This toolkit is for authors who have decided they want to secure their academic legacy by making their collected scholarly publications openly available online, enabling readers anywhere in the world to access these significant pieces of scholarship without charge.
Note: If you are a UC employee with scholarly articles published since the adoption of the UC open access policies (2013-2015), it will probably be simpler for you to rely on those policies and deposit your recent work directly in the UC publication management system, without needing to go through some of these steps. Older publications can be harder to find or might raise confusing copyright questions, and this guide is especially designed to help navigate these kinds of issues. If you already have publications in eScholarship collected under the auspices of the UC open access policies, this guide will help you add your older publications to those and display them together.
Organizing a lifetime of publications can be a daunting task, and a time consuming one. Some of you might be lucky enough to have resources from your academic departments, such as a student assistant. For others, the work will need to be done yourself, as a labor of love requiring patience, persistence, and, sometimes, a good sense of humor.

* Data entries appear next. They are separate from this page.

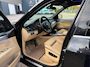 BMW X5 XDrive30d High Executive PANORAMADAK/M-PAKKET/LEDER/CAMERA/KEYLES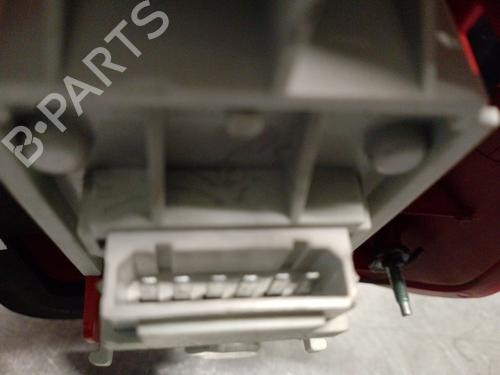 Right taillight AUDI A2 (8Z0) 1.2 TDI | BP33246538C35 - Image 7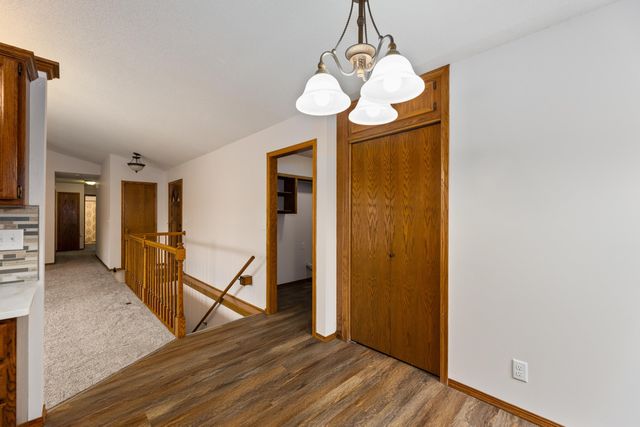 7406 W Westlawn, Wichita, KS 67205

Perhaps you have a publication list that spans decades, containing publications of different types and from a variety of publishers, and you’re not sure where to start. The steps outlined in this guide will help you collect digital copies of your works and, ultimately, post them in eScholarship, UC’s open access repository and publishing platform. Here’s an example of how you might share your collected work in eScholarship. Even if you don’t ultimately create a complete collection, each individual publication you upload will be available to readers worldwide and will start accumulating usage statistics as soon as you submit it.
How long will this project take? It depends on a number of factors, including: how many publications you want to post; how hard it is to find copies of those publications; and how long it takes for publishers to respond to your permission requests. In this toolkit, we have broken the process down into step-by-step instructions that we hope will make the work more approachable. We encourage you to work in batches, to keep things manageable.
How to use this toolkit
You don’t have to move through the whole guide from start to finish with your entire publication list. In fact, we encourage you to iterate instead: skim the whole guide, but start with a manageable batch of publications, get them organized, figure out permissions, and post them. Then start another batch. You can also preview the parts of the guide that you’re most interested in. Are you especially curious about copyright? Read Part 3, “Figuring out contracts and copyrights.” Are you having trouble imagining how to keep track of such a large project? Check out Part 2, “Collecting your files.”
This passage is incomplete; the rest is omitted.